┌──

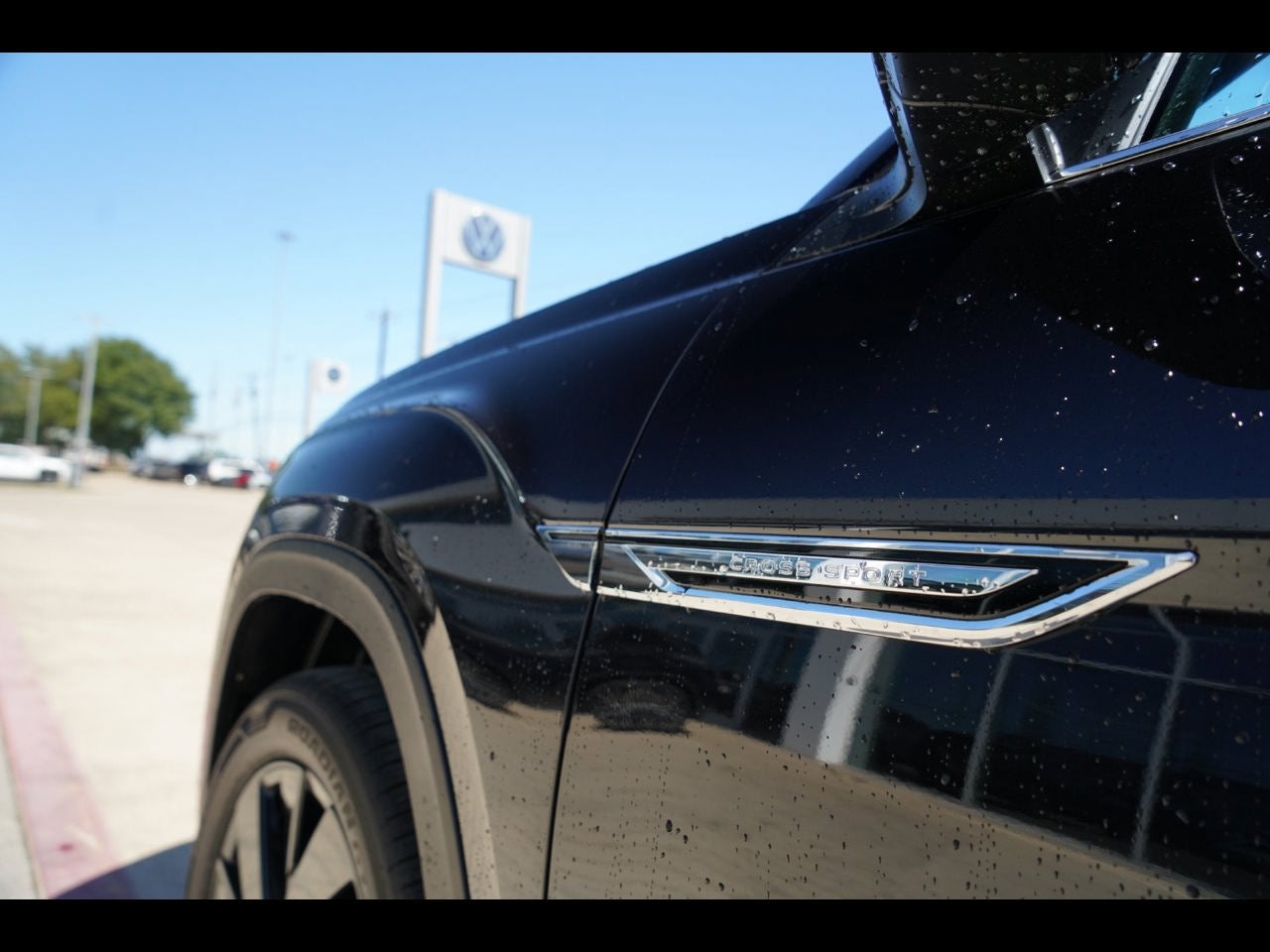 2026 Volkswagen Atlas Cross Sport 2.0T SE W/TECHNOLOGY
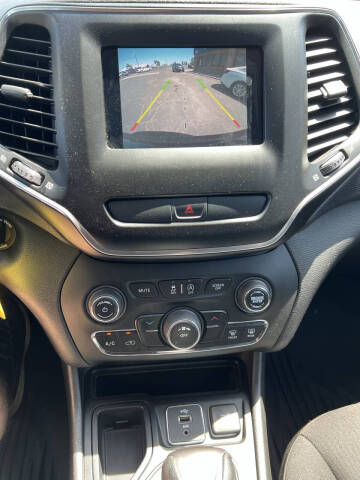 2019 Jeep Cherokee Latitude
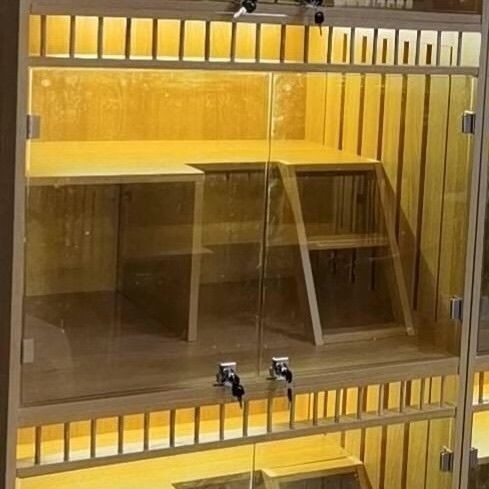 🔥การประกันคุณภาพ🔥 Solid Wood Cat Villa Pet Cabinet Pet Shop Display Cabinet Breeding Cage Foster
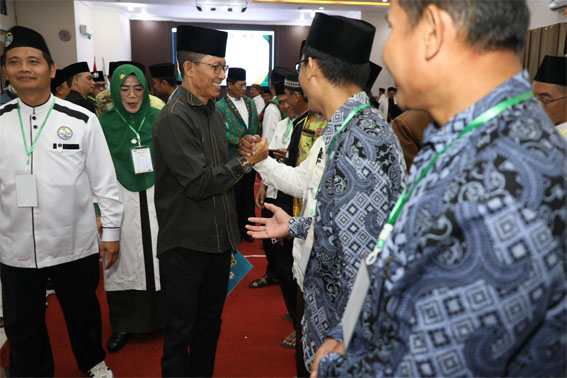 Wali Kota Batam, Amsakar Achmad, bersalaman dengan peserta Mubes IX PMB di Aula Ibnu Sina. F: Ist
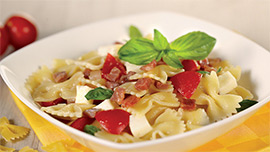 Farfalle con crudo e mozzarella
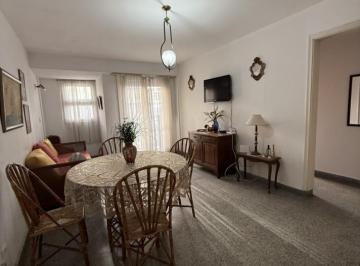 Departamento · 67m² · 3 Ambientes · 1 Cochera · Venta Departamento 3 Amb con Dep y Cochera Estado Original en Colon y Alsina con Balcon a La Calle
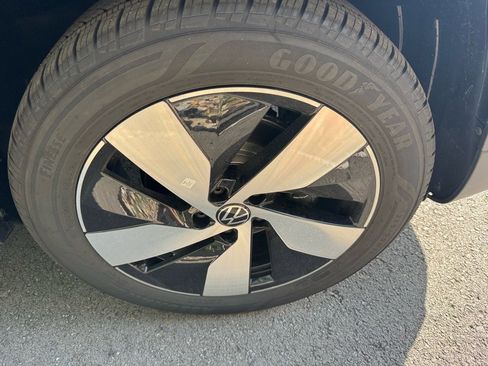 New 2025 Volkswagen Taos S image 9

└──

- WORK INSTRUCTIONS -
What is needed is an exact repetition of every line from the line with "Wali Kota Batam, Amsakar" to the end of the data above, both ends included, with no pictures.

- RESPONSE TO THE TASK -
 Wali Kota Batam, Amsakar Achmad, bersalaman dengan peserta Mubes IX PMB di Aula Ibnu Sina. F: Ist
 Farfalle con crudo e mozzarella
 Departamento · 67m² · 3 Ambientes · 1 Cochera · Venta Departamento 3 Amb con Dep y Cochera Estado Original en Colon y Alsina con Balcon a La Calle
 New 2025 Volkswagen Taos S image 9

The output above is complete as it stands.